ROBERT ALTMAN - AMERICAN OUTSIDER

Kansas City

USA/France 1996, 115 mins
Director: Robert Altman


Part of Robert Altman’s 1990s comeback, but made directly after the catwalk wobble of Prêt-à-porter (1994), Kansas City is a tale of jazz, kidnapping and gangsters set in the eponymous Missouri city during the 1930s. It’s his second musical city movie, but where Nashville (1975) is shot through with cynicism about the country music capital, Kansas City is dyed with affection. This was Altman’s own hometown and the film takes place in 1934, when the director would have been an impressionable nine-year-old.

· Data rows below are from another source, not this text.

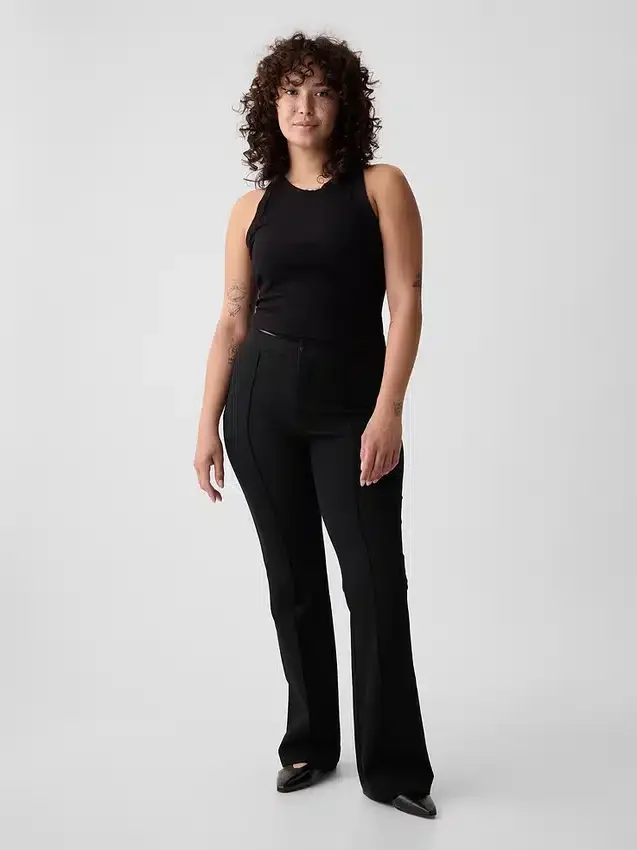 Pantalones acampanados de talle alto con tejido elástico en dos direcciones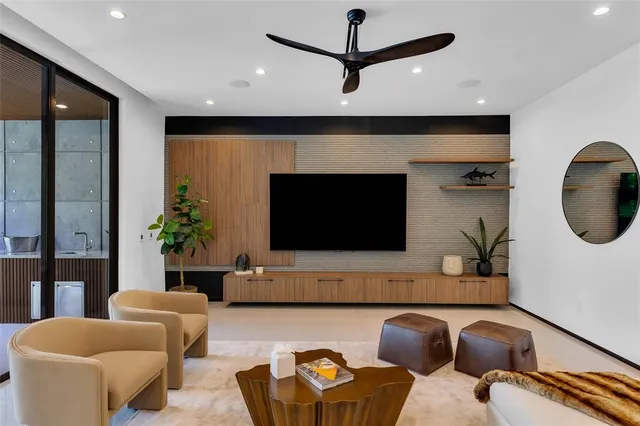 a spacious bedroom with a large bed and a flat tv screen on dresser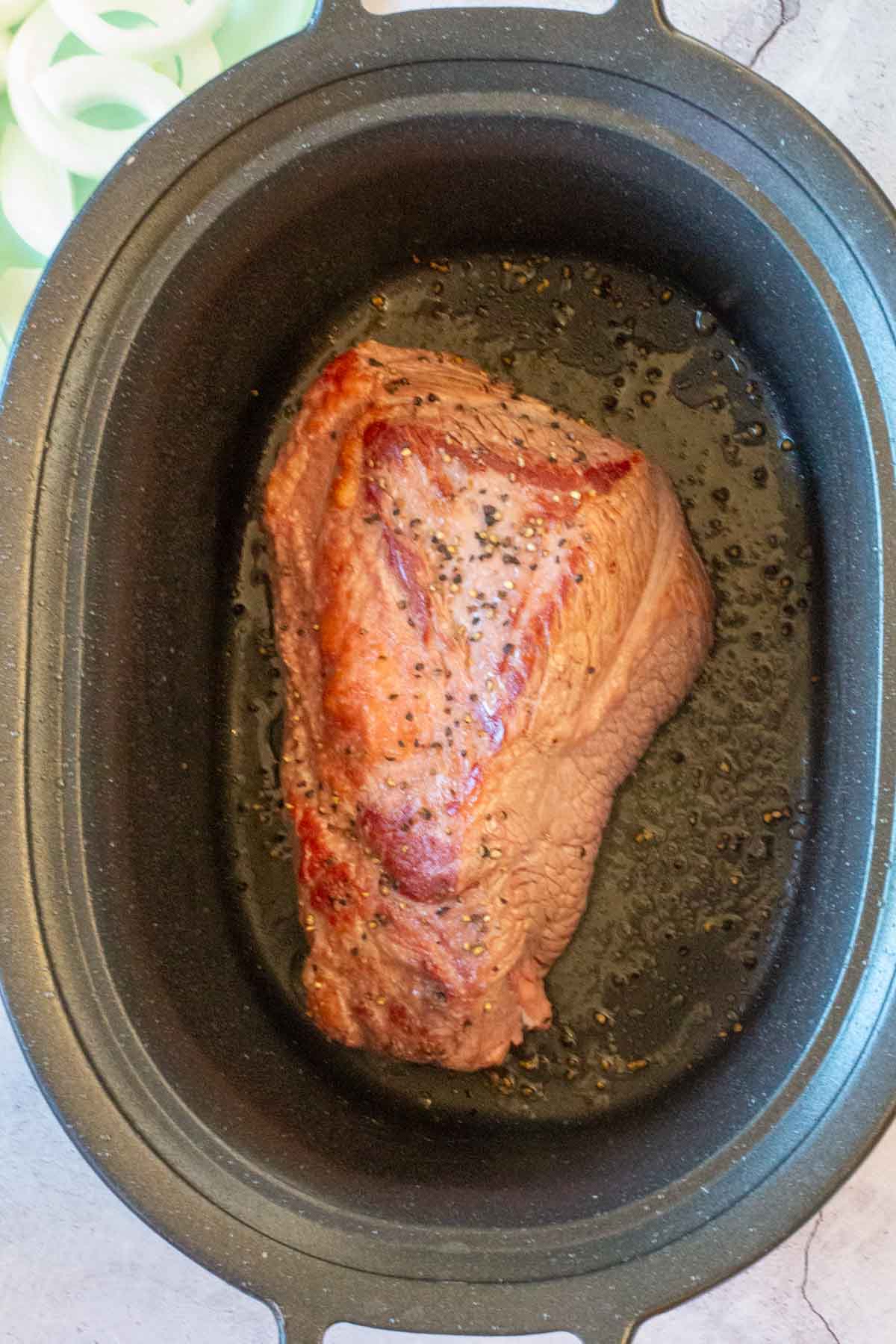 Searing a beef brisket to cook in a crockpot.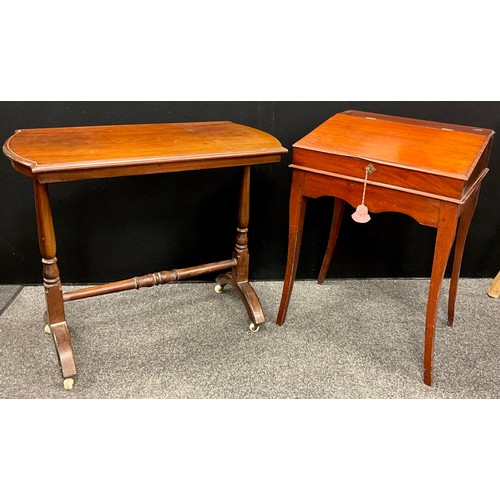 284 - A mahogany slope top school type desk, of small proportions, fall front interior, 85cm x 61cm x 53cm... 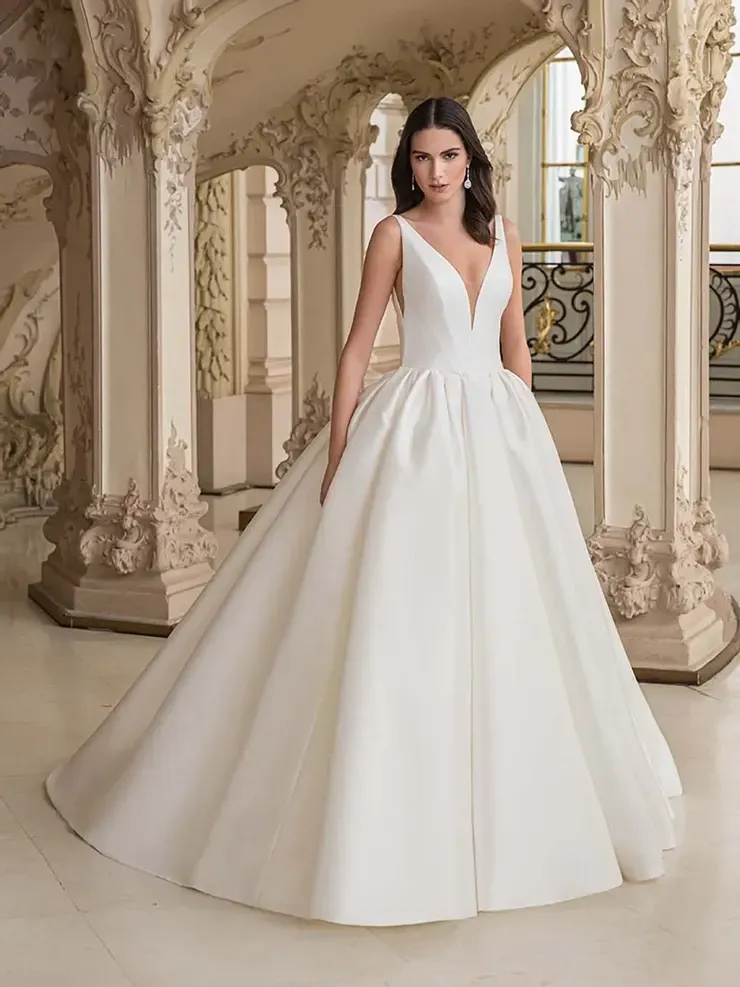 A woman in a white wedding dress is standing in front of columns.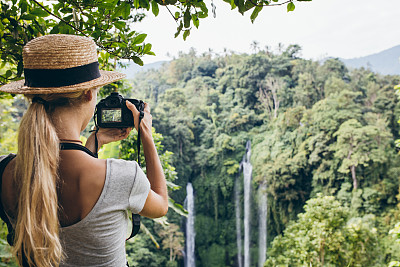 女游客在森林里拍摄瀑布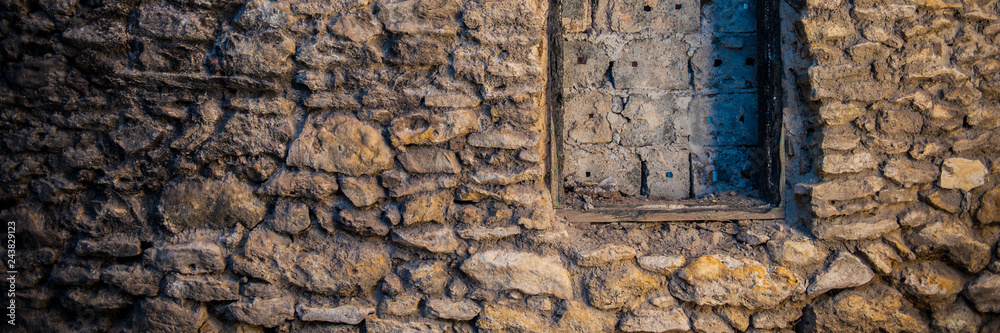 Fototapeta premium stone wall of an old house. Banner for design.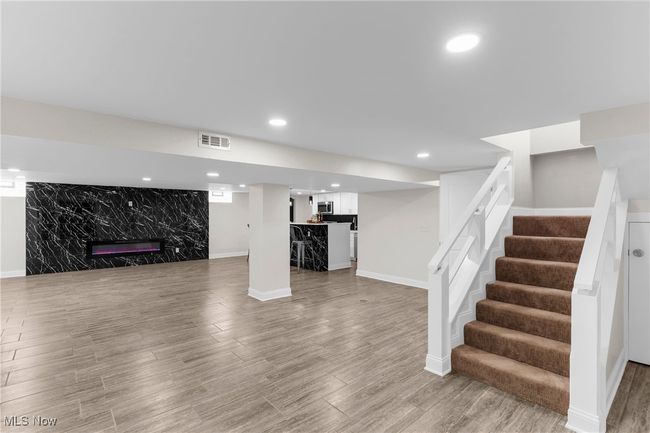 Unfurnished living room featuring wood finished floors, stairway, bar area, and recessed lighting | Image 27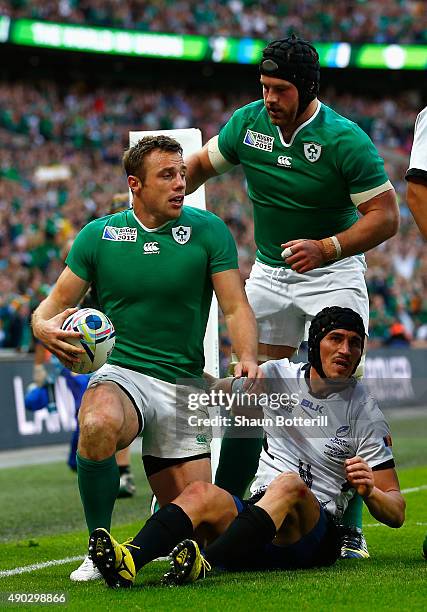 Tommy Bowe of Ireland scores their fourth try during the 2015 Rugby World Cup Pool D match between Ireland and Romania at Wembley Stadium on...
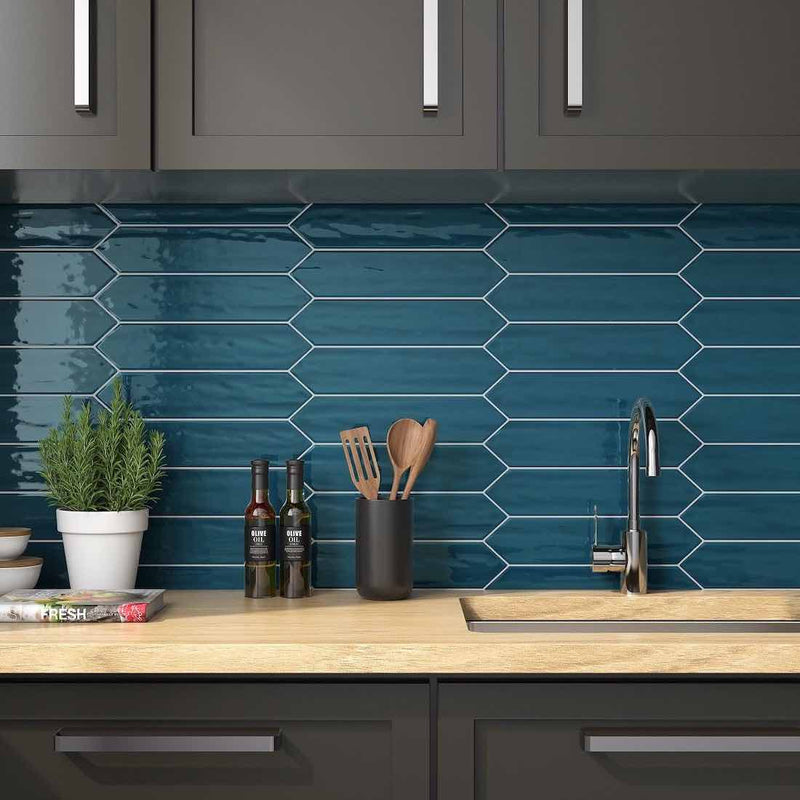 Backsplash Picket Wall Tile in Peacock Teal Color installed horizontally with grey cabinets and wood countertop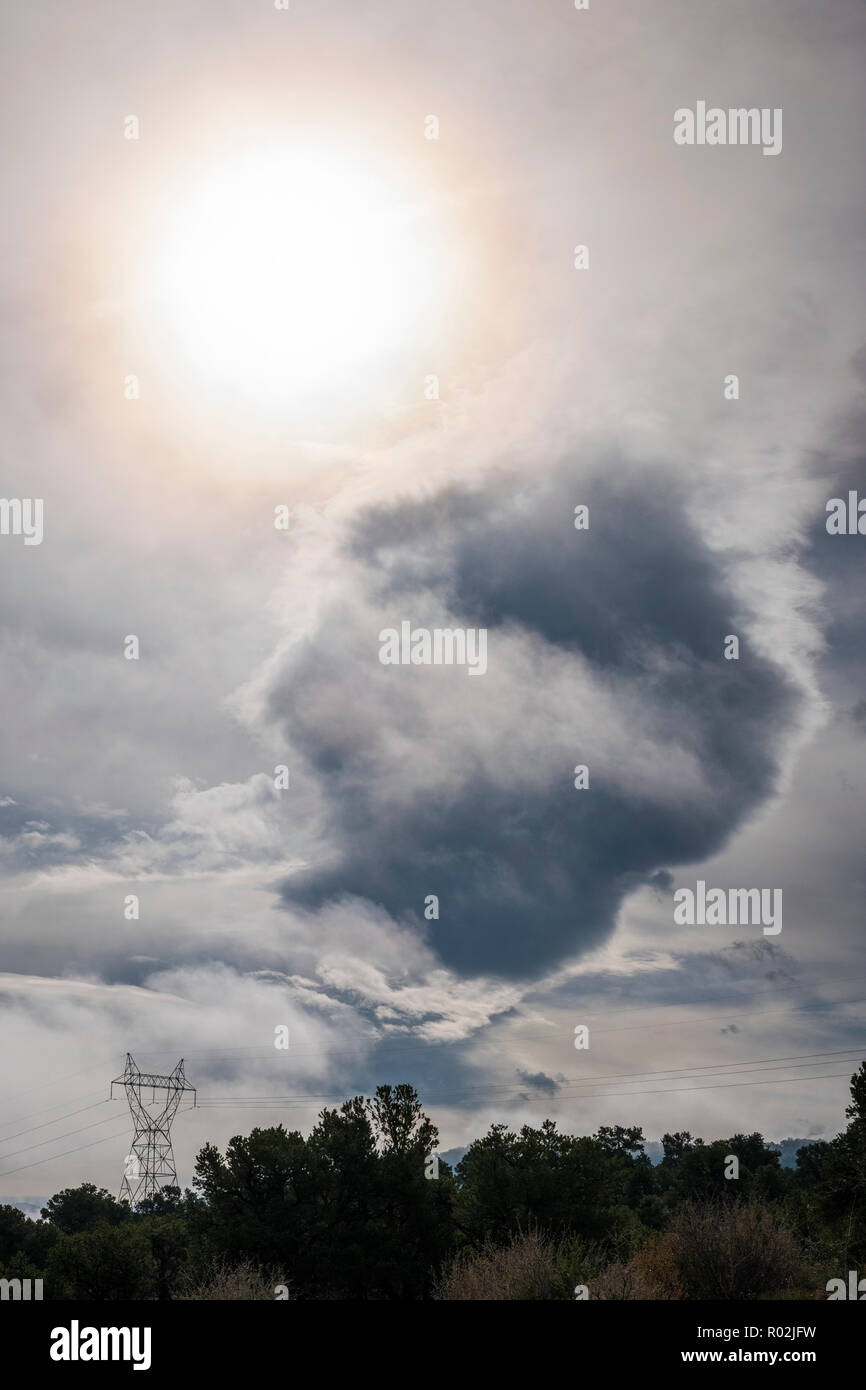 Insolito sun & formazioni di nubi; linee elettriche ad alta tensione & Tower nel centro di Colorado; USA Foto Stock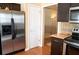 Stainless steel refrigerator in kitchen with dark cabinets and light tan walls at 681 Nine Oaks Cir, Villa Rica, GA 30180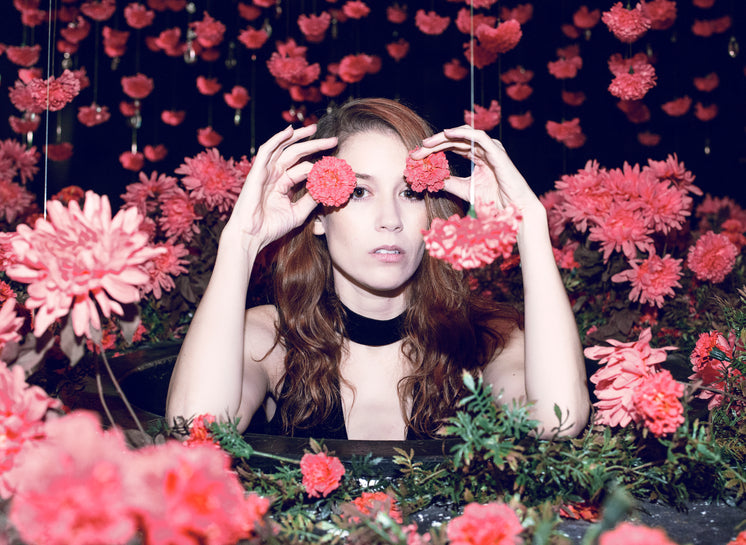 Woman With Red Hair Half Hides Behind Red Flowers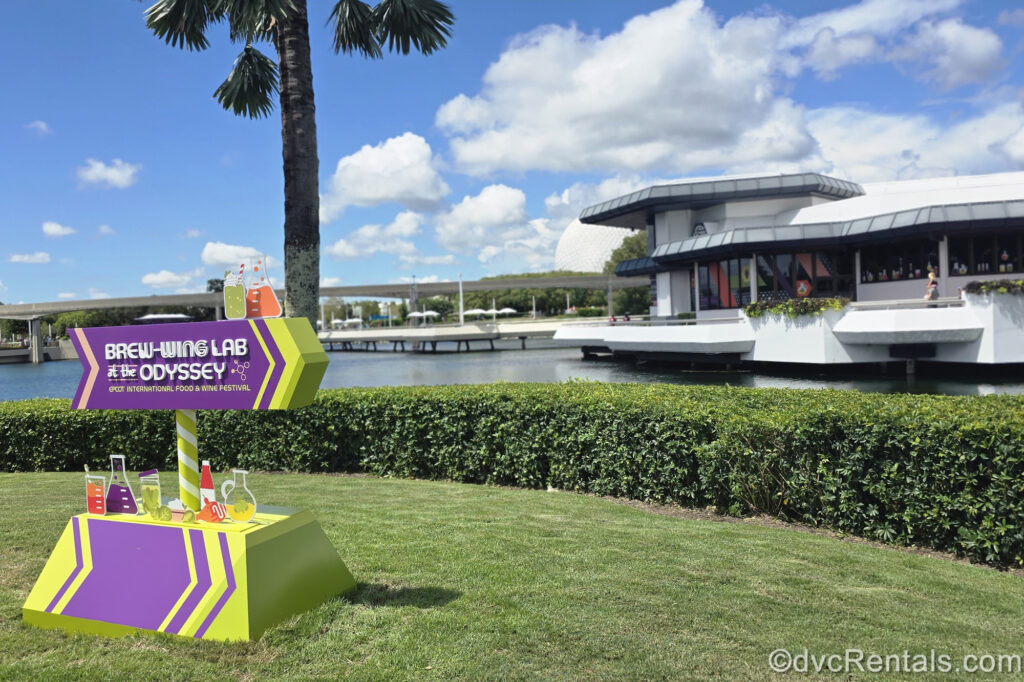 The lime green and bright purple sign for the Brew-Wing Lab at the Odyssey sits on green grass at EPCOT. The white Odyssey building is visible in the background along the waters at the edge of World Showcase Lagoon.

The plot is some complicated business in which Jennifer Jason Leigh’s hard-nosed Blondie O’Hara kidnaps a politician’s wife in order to bribe said politician (Michael Murphy, who often plays Altman’s politicians) to help free her husband from the clutches of ruthless (and exquisitely monikered) gangster Seldom Seen (Harry Belafonte). What makes Kansas City swing, however, are the many downtime moments of nightclub bands playing the music that made the city a cradle of jazz in those smoky days.
Sam Wigley, bfi.org.uk, 18 June 2021

A contemporary review

‘Kansas City here I come!’ These are the words of Big Joe Turner’s classic rhythm and blues song ‘Going to Kansas City’, and it’s also the mission of filmmaking elder statesman Robert Altman in this homage to his hometown. Set in a colourful 30s world, in which the city is an oasis for the political party bosses, gangsters and jazz musicians who ran the show, Kansas City is trademark Altman, a series of interconnected episodes all linked to one central theme: the uses and abuses of power.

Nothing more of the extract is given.